Je me suis rapidement acclimatée au rythme de vie chilien. J’avais l’impression de me retrouver dans ma propre famille, du monde comme moi, pas de filtre, drôle et attachant. J’ai été séduite aussi par un collègue de travail qui est aujourd’hui mon petit mari, mais ça, c’est une autre histoire…

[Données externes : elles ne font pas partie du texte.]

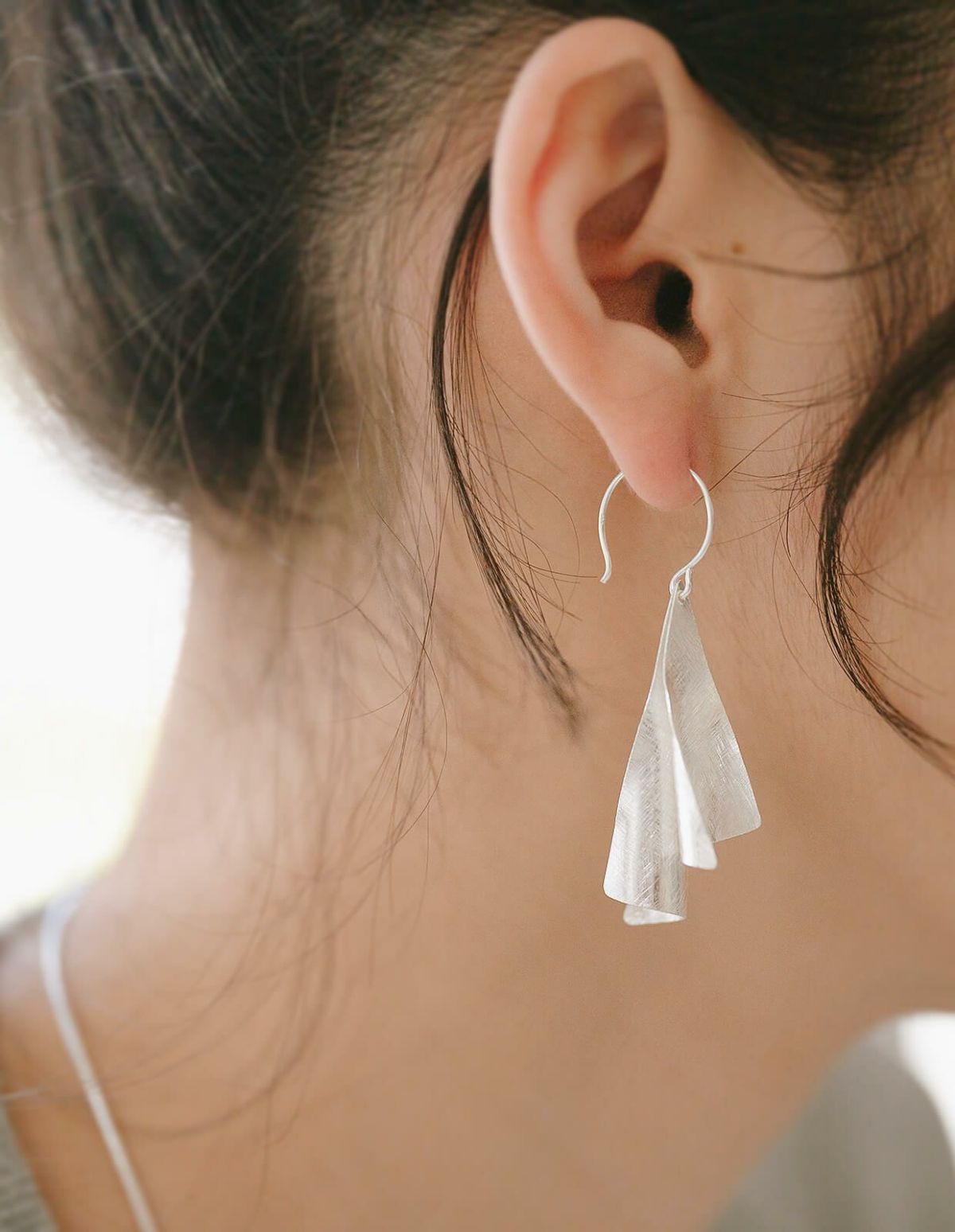 ピアス シルバー 大ぶり シルバー925 太め 金属アレルギー対応 Silver925 両耳用 ピアス カジュアル フォーマル 大人 可愛い おしゃれ ブランド フックピアス 揺れる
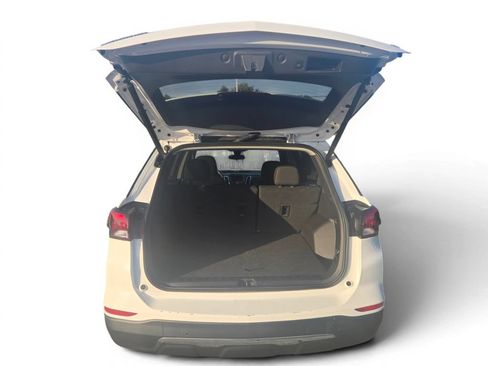 Used 2024 Chevrolet Equinox LS w/ LS Convenience Package FWD image 5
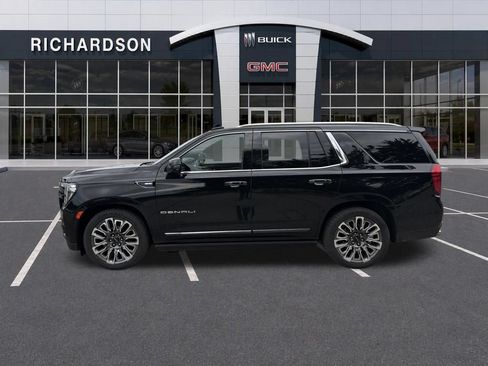 Used 2023 GMC Yukon Denali Ultimate AWD/4WD image 14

À mon retour, j’ai tout mis en place pour revenir vivre auprès de celui que j’aime dans un pays qui m’avait conquise. À ce moment-là, un ami équatorien en couple avec une Québécoise aussi dans un contexte de coopération m’a mise en garde : être en voyage dans un pays est une chose, mais immigrer dans ce pays en est une autre. Sur le coup, je ne l’ai pas pris au mot. J’ai pris mon avion et suis arrivée ici il y a un an, les yeux brillants, dans l’attente de retrouver tout ce qui m’avait manqué.
Crédit : Elias Arauz
L’emballement du début a rapidement cédé la place à un tas de petits tracas qui, avec le temps, se sont alourdis. Par exemple, vivre en campagne chez mes beaux-parents à deux heures du centre-ville a été épouvantable. J’ai aussi été happée par la différence culturelle qui ne s’était pas fait sentir la première année dans ma famille d’accueil. Mon ami n’était pas à côté de la plaque. Venir vivre dans un autre pays n’est pas une chose facile. Quand on n’est que de passage, on accepte des petites choses qui, en temps normal, nous dérangeraient chez nous. Par contre, quand on vient s’établir, on doit apprendre à dealer avec ces choses pour toujours. L’adaptation est plus difficile… mais possible.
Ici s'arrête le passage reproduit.